Solan memanggil salah satu polisi di ruangan dan membisikkan sesuatu kepadanya, hanya sepotong-sepotong terdengar. "Tolong...sst...sst. Kalau tidak...sst...sst, coba di sst...sst." Polisi yang dibisikipun menganggukan kepala tanda mengerti, kemudian langsung keluar ruangan meninggalkan Solan dan para tersangka.
Tak lama pintu diketuk lagi, kali ini Ratih yang masuk dan melaporkan bahwa anaknya yang satu lagi sudah ditemukan. Solan menyuruhnya membawa anak itu masuk ke ruangan ini, tapi saat anak itu dan Ratih sudah sampai di depan pintu.

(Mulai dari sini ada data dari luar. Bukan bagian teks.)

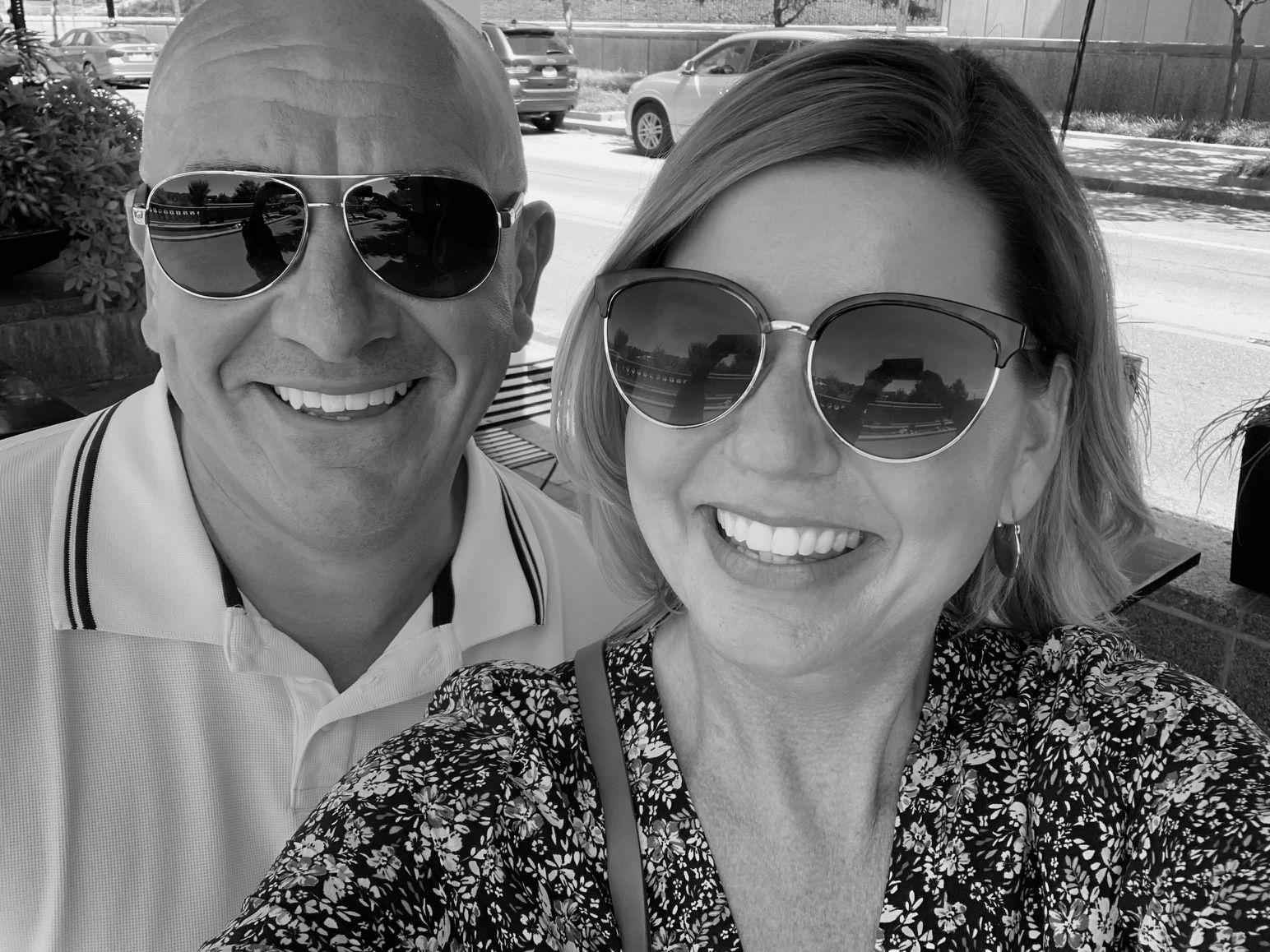 The Wedding Website of Jennifer Rivera and Justin Dyson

"Yak! Berhenti di situ!" Solan menyuruh mereka berdiri tepat di depan pintu masuk ruangan ini.
Ratih yang bingung dan si Kakak, yang terlihat mukanya merah karena sedih, walau tak tahu untuk apa tetap saja mereka berdiri didepan ruangan tersebut --mengikuti perintah Solan.
"Apa-apaan sih ini!?!" Si Kakak protes kepada Solan. "Kenapa Bapak polisi memanggil aku ke sini!?!"
"Hei, tenanglah. Saya hanya ingin memperjelas kasus pembunuhan ini." Solan menenangkan.
"Kasus pembunuhan?" Si istri menimpali, "kasus apa?! Bunuh diri koq dibilang kasus pembunuhan?"
"Iya Pak Polisi." si pembantu menambahkan, "waktu itu ruangannya kan terkunci, polisi yang lain juga sudah mengeceknya. Dan ibu polisi tadi juga bilang ini kasus bunuh diri." Katanya sambil menunjuk ke arah Ratih.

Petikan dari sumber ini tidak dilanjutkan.